California’s unemployment rate shot up in March as a statewide coronavirus shutdown took effect and overall payrolls shrank for the first time in a decade, state officials reported Friday.

The March report showed a jobless rate of 5.3%, up from 3.9% in February, the largest jump in more than four decades of state data collection. But the rate is based on a survey that ended March 12, so it doesn't reflect the positions axed by thousands of employers in the second half of the month.

Through the first half of the month, the state lost 99,500 jobs. That ends a record 120-month streak of gains since the Great Recession.

Both the U.S. jobless rate, which was 4.4% in March, and California’s rate have skyrocketed in recent weeks, according to economists who predict the state’s unemployment rate this year could climb to more than 16% and perhaps as high as 20%.

"California employment is in free fall and no bottom is yet in sight,” said Sung Won Sohn, a Loyola Marymount University economist. “Economic activities won’t recover sharply even when the lockdown ends.”

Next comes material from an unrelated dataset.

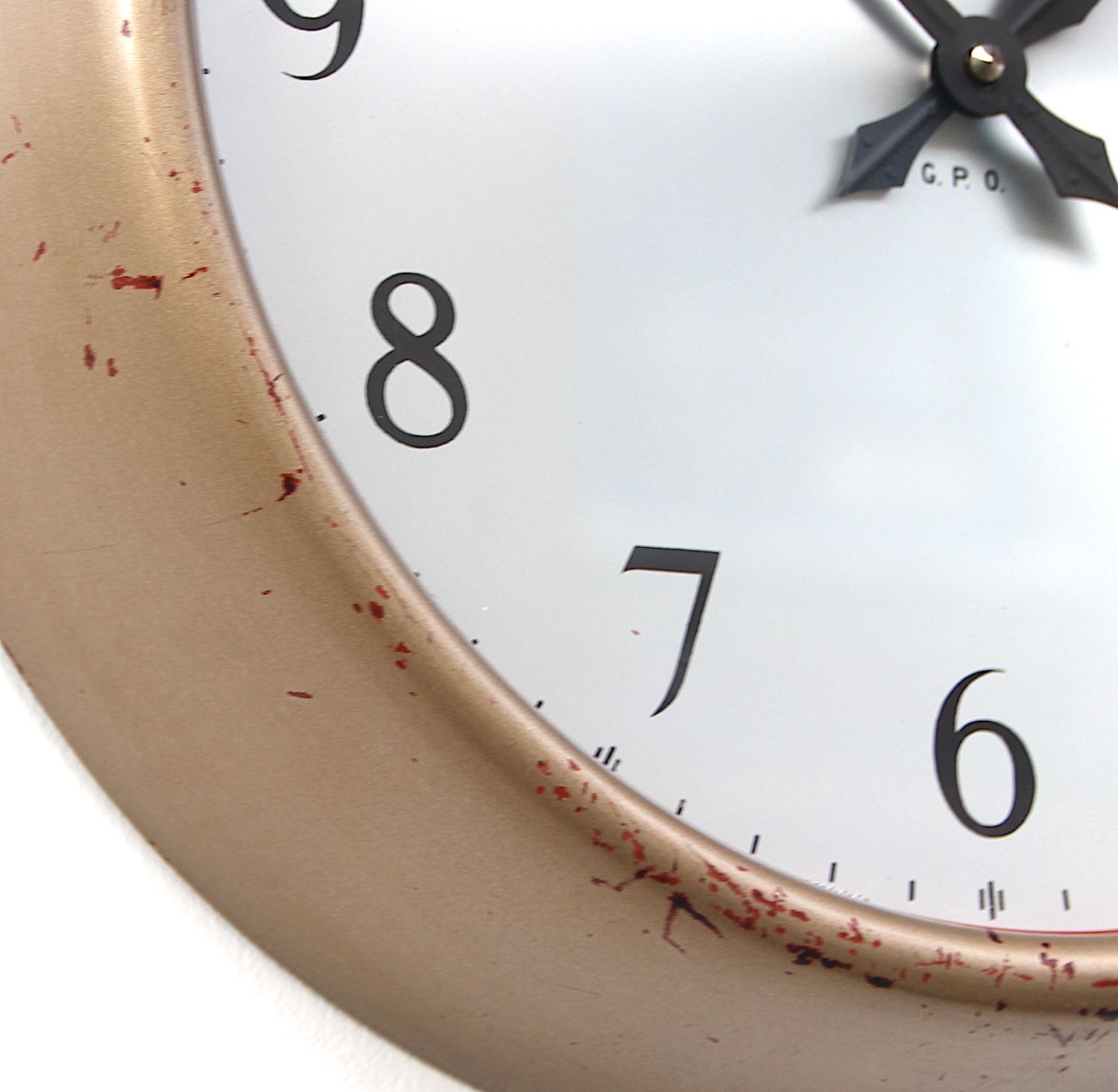 1950s British Office/Commercial Industrial Wall Clock. Fully Guaranteed photo for sale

The grim news came the day after federal officials reported that 660,966 Californians had filed jobless claims in the week that ended April 11. Over four weeks, 2.7 million claims were processed statewide, amounting to 1 of every 7 workers in the state’s 19.3-million-person labor force.

Nationwide, some 22 million people have sought unemployment benefits in the last month, the largest number on record. In the Great Recession, employment declined by 8.6 million workers between November 2007 and December 2009.

The number of California jobs lost in March was the fourth-largest on record, driven by declines in six of 11 industry sectors. The leisure and hospitality sector shrank the most — losing 67,200 positions — largely because of closures of hotels, restaurants, food services and bars.

“This is just the tip of the iceberg of what we are likely to see when the April California employment report is released,” said Scott Anderson, chief economist of the Bank of the West in San Francisco. “No sector of the economy will be spared before the job losses will be over.”

The state's "other services" sector, which covers a mixture of businesses such as auto repair and dry cleaning, lost 15,500 positions. The construction sector shrank by 11,600.

The professional and business services sector, which includes some technology jobs, dropped by 8,600 positions. The manufacturing sector lost 5,300. The trade, transportation and utilities sector shrank by 4,600.